This appeal arises pursuant to the Texas Workers’ Compensation Act, TEX. LAB. CODE ANN. § 401.001 et seq. (1989 Act). A contested case hearing was held on February 10, 2021, in (city), Texas, with (administrative law judge) presiding as the administrative law judge (ALJ). The ALJ resolved the disputed issues by deciding that: (1) the first certification of maximum medical improvement (MMI) and assigned impairment rating (IR) from (Dr. M) on December 18, 2019, became final under Section 408.123 and 28 TEX. ADMIN CODE §130.12 (Rule 130.12); (2) the appellant (claimant) reached MMI on November 22, 2019; and (3) the claimant’s IR is zero percent.  The claimant appealed, disputing the ALJ’s determinations of finality, MMI, and IR. The respondent (carrier) responded, urging affirmance of the finality, MMI, and IR determinations.

DECISION

Affirmed as reformed.

The parties stipulated, in part, that the claimant sustained a compensable injury on (date of injury), and the compensable injury extends to left knee grade 1 MCL sprain. The claimant testified that he was injured when moving a refrigerator.

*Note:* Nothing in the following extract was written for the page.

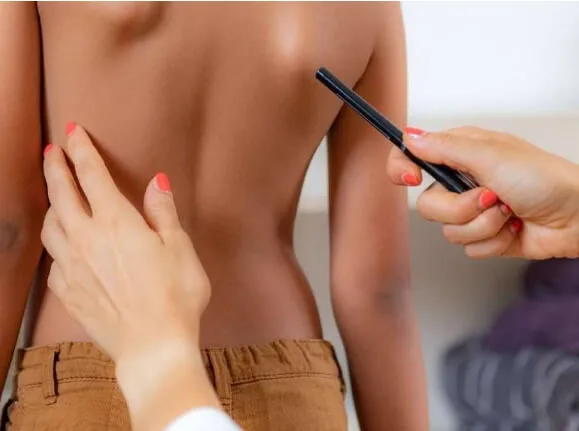 Escoliosis Escápula alada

The ALJ is the sole judge of the weight and credibility of the evidence (Section 410.165(a)) and, as the trier of fact, resolves the conflicts and inconsistencies in the evidence.  Texas Employers Insurance Association v. Campos, 666 S.W.2d 286 (Tex. App.-Houston [14th Dist.] 1984, no writ).  As an appellate reviewing tribunal, the Appeals Panel will not disturb challenged factual findings of an ALJ absent legal error, unless they are so against the great weight and preponderance of the evidence as to be clearly wrong or manifestly unjust.  Cain v. Bain, 709 S.W.2d 175, 176 (Tex. 1986); In re King’s Estate, 150 Tex. 662, 244 S.W.2d 660 (1951).  

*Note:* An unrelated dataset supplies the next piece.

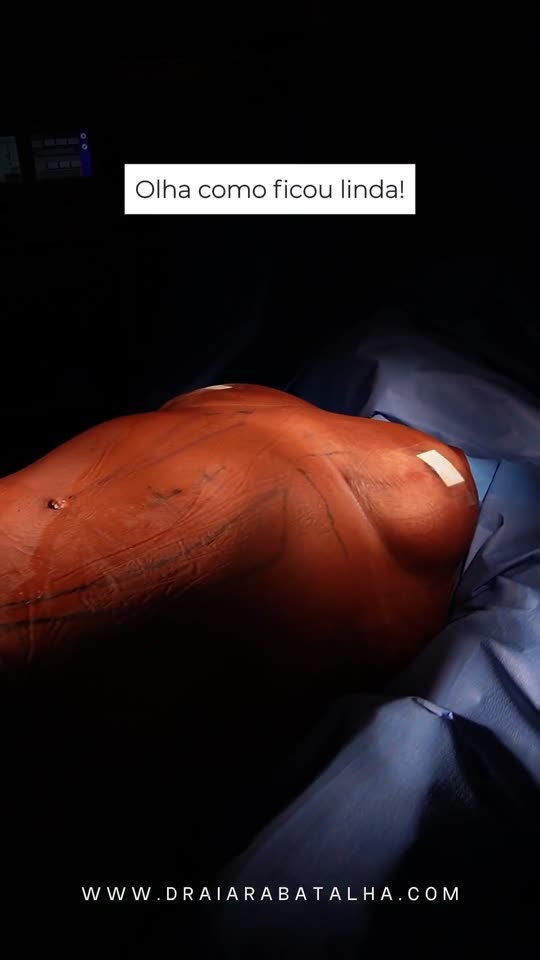 Mastopexia com prótese e lipo 360: Existe idade máxima para operar? A paciente de 56 anos e o resultado no fim do vídeo.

Section 408.123(e) provides that, except as otherwise provided by Section 408.123, an employee’s first valid certification of MMI and first valid assignment of an IR is final if the certification or assignment is not disputed before the 91st day after the date written notification of the certification or assignment is provided to the employee and the carrier by verifiable means.  Rule 130.12(b) provides, in part, that the first MMI/IR certification must be disputed within 90 days of delivery of written notice through verifiable means, including IRs related to extent-of-injury disputes.  The notice must contain a copy of a valid Report of Medical Evaluation (DWC-69), as described in Rule 130.12(c).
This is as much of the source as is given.